Hence, ; remained as a statement terminator, and the return keyword served to indicate returning an expression.
However, the D lambda syntax does not require a ; when the lambda body consists of only a single expression:
Ignoring a potentially wanted return value with ";" is a hazard. I'd like to institute some set of "warn-unused-result" warnings in Rust to combat this.
This is correct for any "normal" (a.k.a. "item level") function, since their signatures must always be explicit. But you're allowed to infer the signatures of closures, which is the only place where this problem could arise.
// This function lives at the top level of the module, so its types must be annotated
fn foo(bar: int) -> int {
// Here's a closure without type annotations:
let baz = |qux| { qux + 1 };
// And a closure with type annotations:
let baz = |qux: int| -> int { qux + 1 };
// Which means that this would be a compile-time error:
let baz = |qux: int| -> int { qux + 1; }; // returning nil, but expected int
// But if you expect this to return int, then there are very few cases where
// this might not be a compile-time error:
let baz = |qux| { qux + 1; };
log(error, baz(bar)); // will print "()", but did you want bar + 1?
io::println(fmt!("%?", baz(bar))); // same as previous
io::println(fmt!("%d", baz(bar))); // this one *is* a compile-time error
// macros ftw
baz(bar); // this will also be a compile-time error
}
In Rust, nil is the name for the unit type (written as empty parentheses, like "()"), used whenever a function doesn't return anything meaningful. You're correct in that instead of null pointers it has the None variant of the Option enum.
Although everything you say is technically true, readers will tend to get the wrong idea unless we add that (1) most users of the do notation choose Haskell's significant white space rather than semicolons and (2) the (rare) Haskell code that does contain semicolons that behave the way you describe probably also contains semicolons (e.g., in Haskell's let statement and case statement) that have nothing to do with monads or the "sequencing" of side effects.
In other words, the semicolons of Haskell are only tenuously related to semicolons in languages like C.
That's not the point. Most programmers are not language lawyers. It is very bug-prone, which could in itself enough to remove the confusion from a language that advertises itself as "safe".
Bug prone? The compiler will inevitably warn you about your error at compile time. No such bug will have any consequence beyond that.
This is also not such a big problem when a human reads the function. We can always see at a glance the return type of the function. Either it's explicitly declared, or it's a lambda whose usage is readily visible. Semicolon or not, you can easily guess if the function is supposed to return its last expression, or not.
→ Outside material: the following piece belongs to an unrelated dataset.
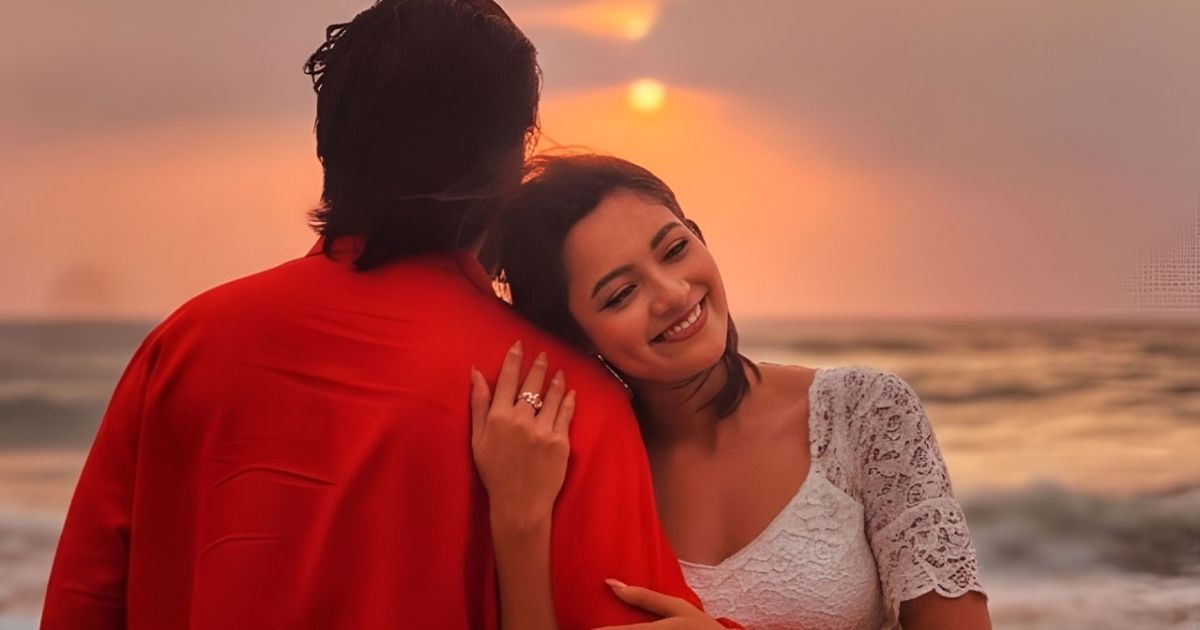 শ্রীলঙ্কায় সিয়াম-সুস্মিতার রোমান্টিক ছবি ভাইরাল: নেপথ্যে ‘রাক্ষস’ সিনেমার শুটিং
By the way, the compiler could do the same. Knowing that, there probably will be helpful error messages such as "did you forget the last semicolon?", or "should you remove the last semicolon?".
The semicolon is really just a small confirmation. That's why they didn't chose a heavier syntax.
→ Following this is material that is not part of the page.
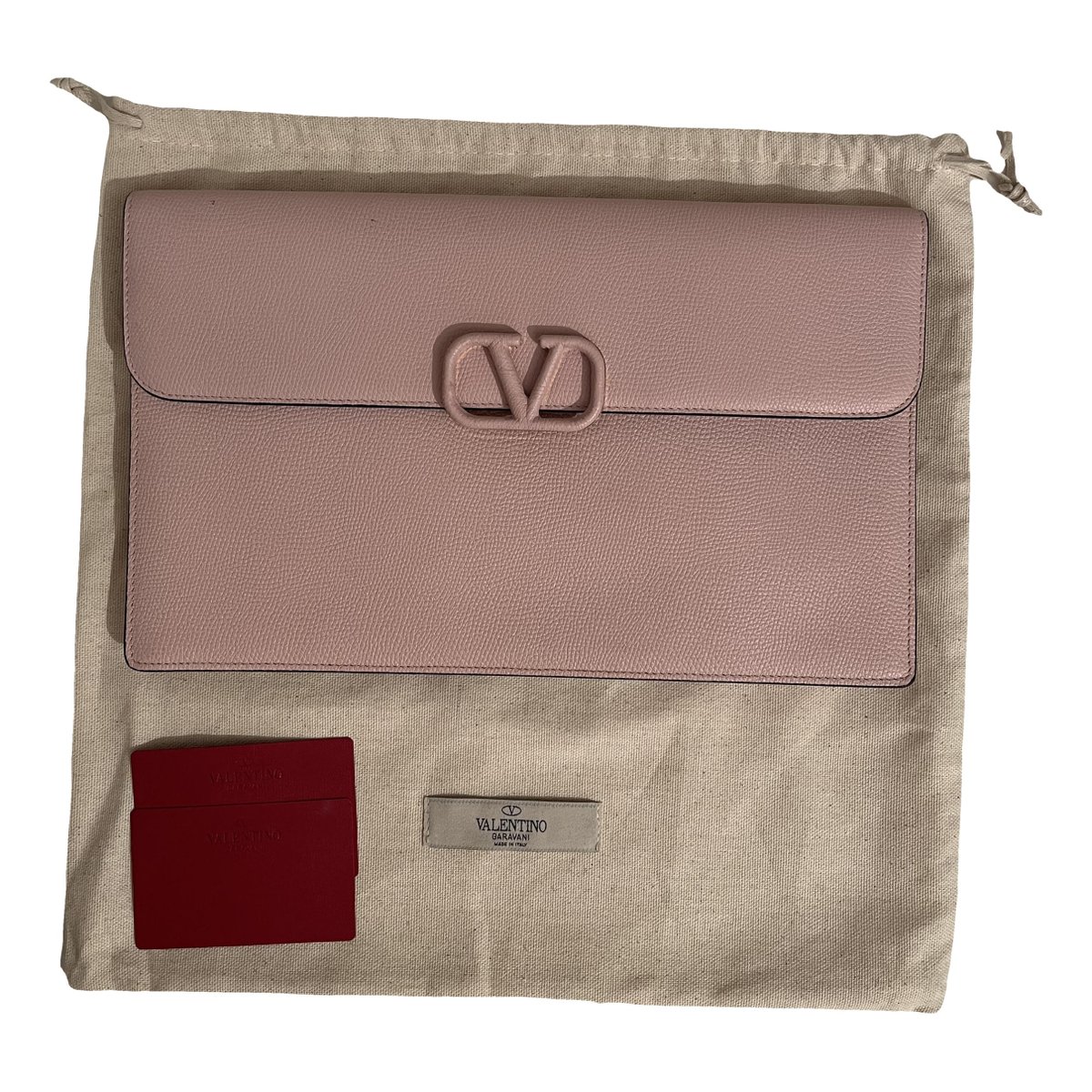 VLogo leather clutch bag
Ok, I misunderstood then. I thought it would subtly return no value instead of a value, and you'd only discover this at run time. That would be bug prone. If it simply generates a compilation error, no problem.
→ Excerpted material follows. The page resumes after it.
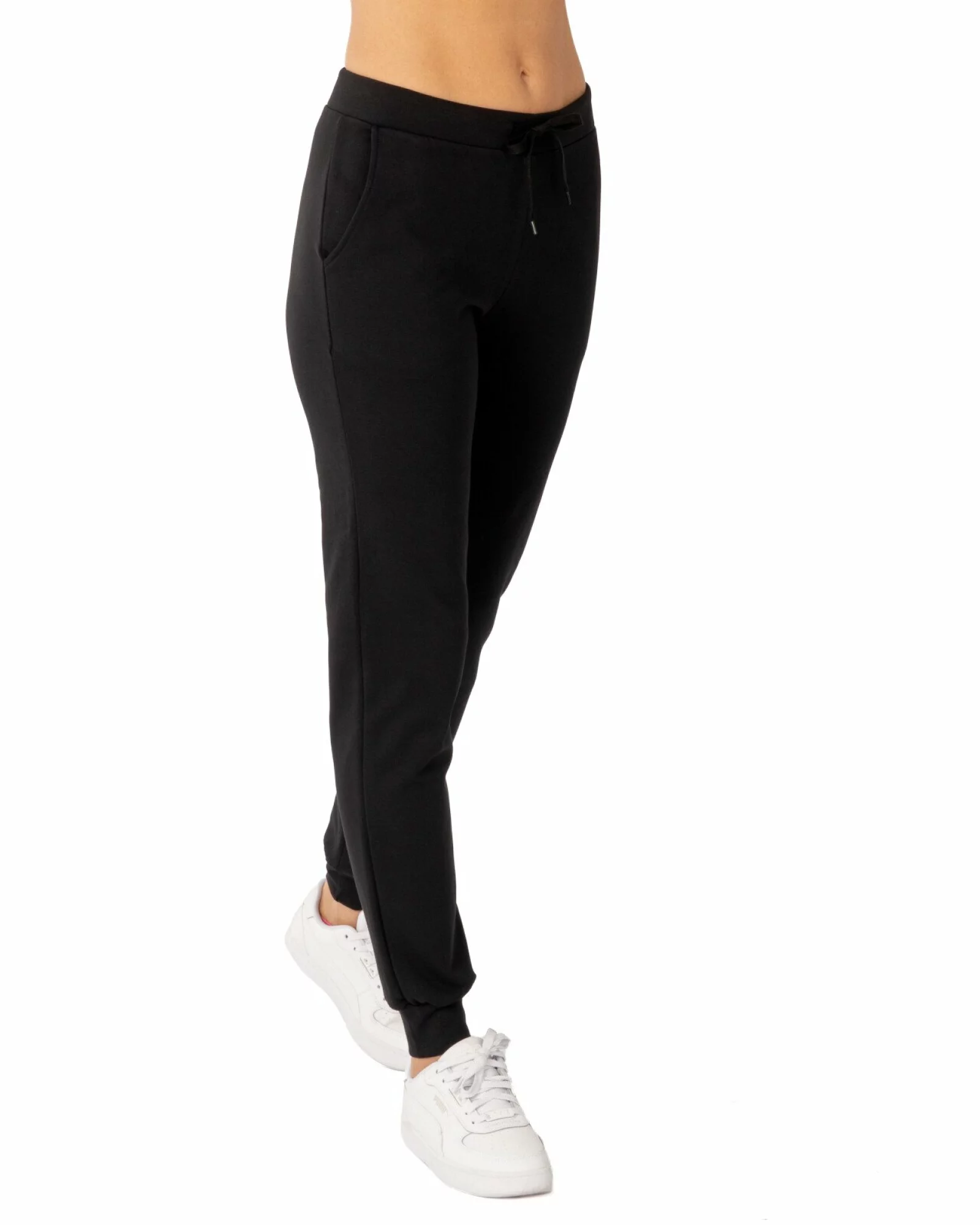 Pantaloni jogger damă negri, pufoși P.2233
The thing is that in a safe language, a value always evaluates to a value of the type of the expression[1]. E.g. in Haskell, if a function returns a list:
foo :: Int -> [a]
It should always evaluate to a list. There is no such thing as a null pointer. The only thing that comes close to a nullable type is an option type such as Maybe:
That's what makes it elegant: it lets you omit the return statement (safely) but otherwise looks exactly the same as C, even though it's semantically different.
Uh, it depends on taste. There are a few reasons to want it, such as lambdas as WalterBright mentioned, but I like it because when this is done in a language where statements and expressions are unified, ";" can neatly replace "," from C, and comma can be reused for something else. (Unifying statements and expressions has its own benefits, but we can start with avoiding GNU C's hideous "({ foo; bar; })", which evaluates to the value of bar...)
I memorably referred to Rust's significant semicolons as "the worst thing in the language" after my very first read through the tutorial, last November.
Almost a year later, I'm just as in love with Rust's semicolon rules as Armin is. However, I bet new users will still be just as instinctively revolted as I initially was.
I guess it depends on what languages you're experienced with. I just read through the Rust tutorial for the first time 2 days ago, and I fell in love with the semicolon rule at first sight.
The downside is that you would have to put () (Rust's version of “nil”) in a bunch of functions to fulfil the requirements of the callback's signature since otherwise the type inferred from the function would be the value of the last expression
Wouldn't co/contra-variance solve this entirely? It works just fine in Scala for example
Hello American. I'm from one of those other pesky countries that make up most of the human population of earth, and which usually have other keyboard layouts. I have to type shift+, to get the semicolon.
Indeed. On a Swedish keyboard the semicolon is not the biggest problem though. {}[] are since you need to press right-alt+number keys to get them. Really awful. It takes a very short time using an American keyboard for coding to realize its benefits.
Still, even on an American keyboard () are not terribly well placed.
I've been thinking about adopting the NEO2 layout(with some modification so that I get all of åäö) but haven't gotten around to it yet. Has anyone tried that for programming?
I have all my symbol characters easily accessible from the normal A-Z keys using a third shift state. It's awesome, and works with any keyboard layout (QWERTY, or even Swedish QWERTY are all fine, as is Dvorak, Colemak etc). Typing a previously uncomfortable sequence like "for (int i = 0; i < count; ++i)" is even pleasant now.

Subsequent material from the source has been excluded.